Re: [GENERAL] Using hashtext and unique constraints together

2007-12-12 Thread Peter Childs
On 11/12/2007, Mason Hale [EMAIL PROTECTED] wrote:


 I'm thinking that an insert trigger that ensures (SELECT count(*) FROM
 page WHERE hashtext(url) = 
 hashtext('http://www.postgresql.org'http://www.postgresql.org%27)
 AND url = ' http://www.postgresql.org' ) = 0 won't work given MVCC, as two
 transactions could simultaneously insert the same url at the same time.
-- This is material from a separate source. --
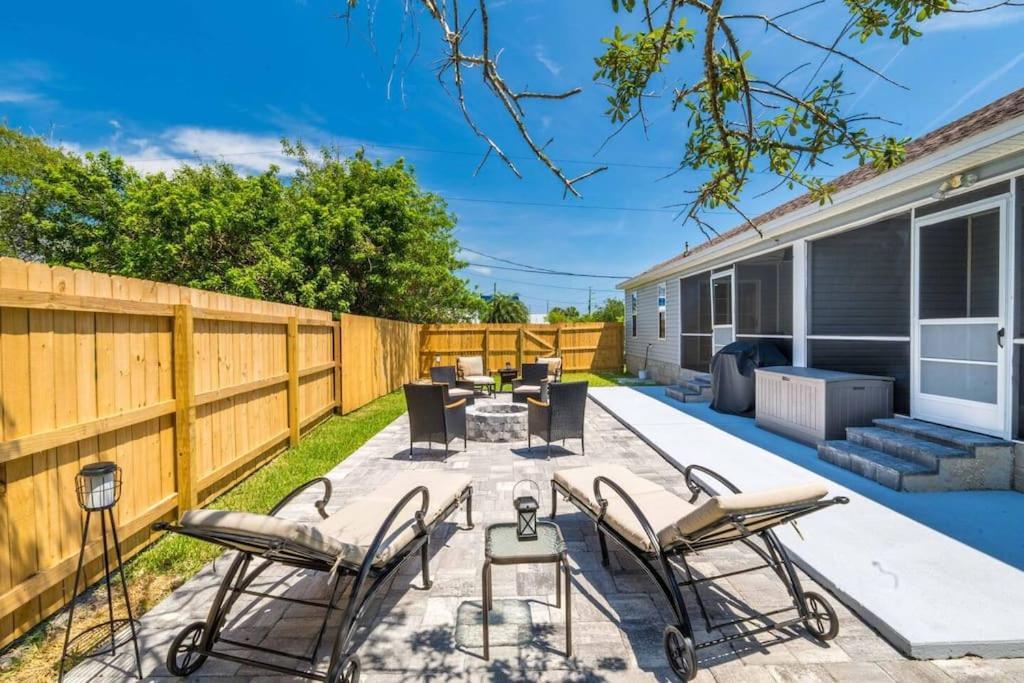 Holiday home Charming And Delightful Getaway! Walk To St. Augustine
Why not so long as it also locks the table (share lock should be enough) but
it could slow the table down if lots of transactions write to the table at
once.

Regards

Peter.


Re: [GENERAL] Using hashtext and unique constraints together

2007-12-12 Thread Daniel Verite
Mason Hale wrote:

 The problem I need help with is guaranteeing uniqueness of the URL on
 insert, with a non-unique index on hashtext(url) and *without* creating a
 unique index on page(url).
 
 I'm thinking that an insert trigger that ensures (SELECT count(*) FROM page
 WHERE hashtext(url) = hashtext('http://www.postgresql.org') AND url = '
 http://www.postgresql.org' ) = 0 won't work given MVCC, as two transactions
 could simultaneously insert the same url at the same time.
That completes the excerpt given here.